We've seen one of his ex-boyfriends on numerous ocassions this week. A guy named Dean the Love Machine, who coincidently, looks exactly like Geoff. Tall and gaunt with a 1970s glam-rock hairdo. Sort of like Steve Perry of Journey on crack. They look so similar that I've actually waved hello to Dean driving on the road. I've never formally met Dean the Love Machine so he always looks perplexed why I'm greeting him so enthusiastically. I've also never meet his predecessor in love, Stan the Man, but I digress.

Dean and some raggedly-looking acquitances have been showing up at Geoff's house a few times this week. It seems like they're cleaning out the garage. Picking through his belongings without any sight of Geoff. As if the guy kicked the bucket and his vulture friends are tearing away their piece of the carcass.

Yesterday, a beat up station wagon complete with wood siding on the doors sped away haphazardly piled high with junk. All that was missing was Granny and Elie May sitting atop the wagon Beverly Hillbillies-style. Jethro was probably with Dean, you know, The Love Machine.

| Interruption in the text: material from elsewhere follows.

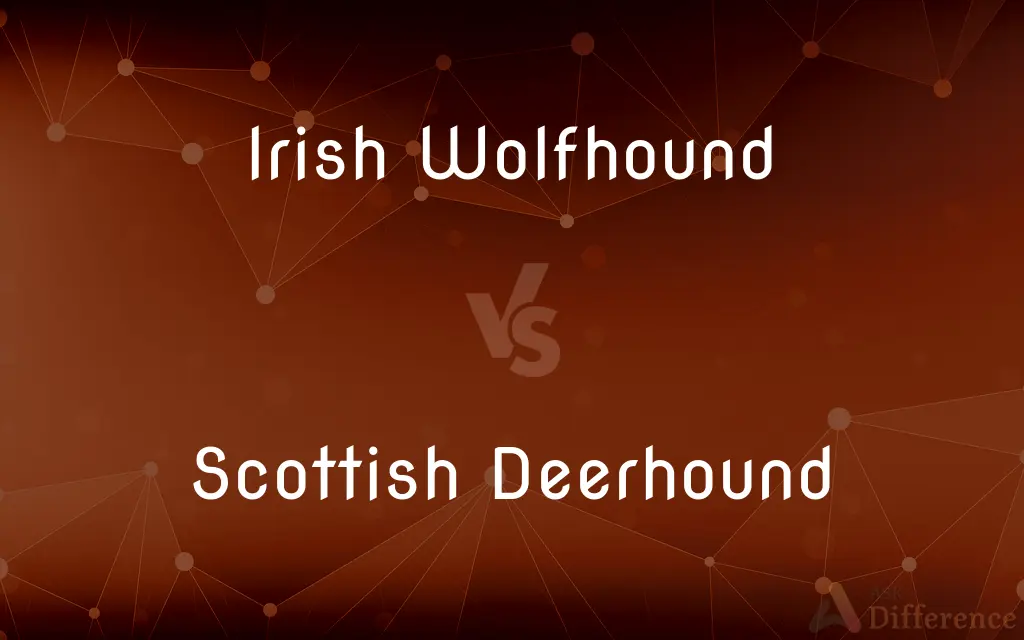 Irish Wolfhound vs. Scottish Deerhound — What's the Difference?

So what kind of neighbors are we? Not very good ones, I suppose. We're all afraid to walk across the street and ask about Geoff. He could be held hostage right now while we're laughing acorss the street watching American Idol and eating Hamburger Helper.

I'm thinking if somehting really happened to him, I may have been the last person he spoke to. When I spoke to him last Saturday night, he offered to cut my hair at his personal salon (of course, he's a hairdresser, silly) and he gave me his number to make an appointment. When he invited me in to his house to look for a pen and paper I only stood in the doorway staring at his aquarium. I don't feel comfortable venturing too far inside because, as many of you know, I do have a sweet ass...and I thank you.

If things continue to look suspicious, we just might launch an undercover investigation or rescue attempt to solve this mystery.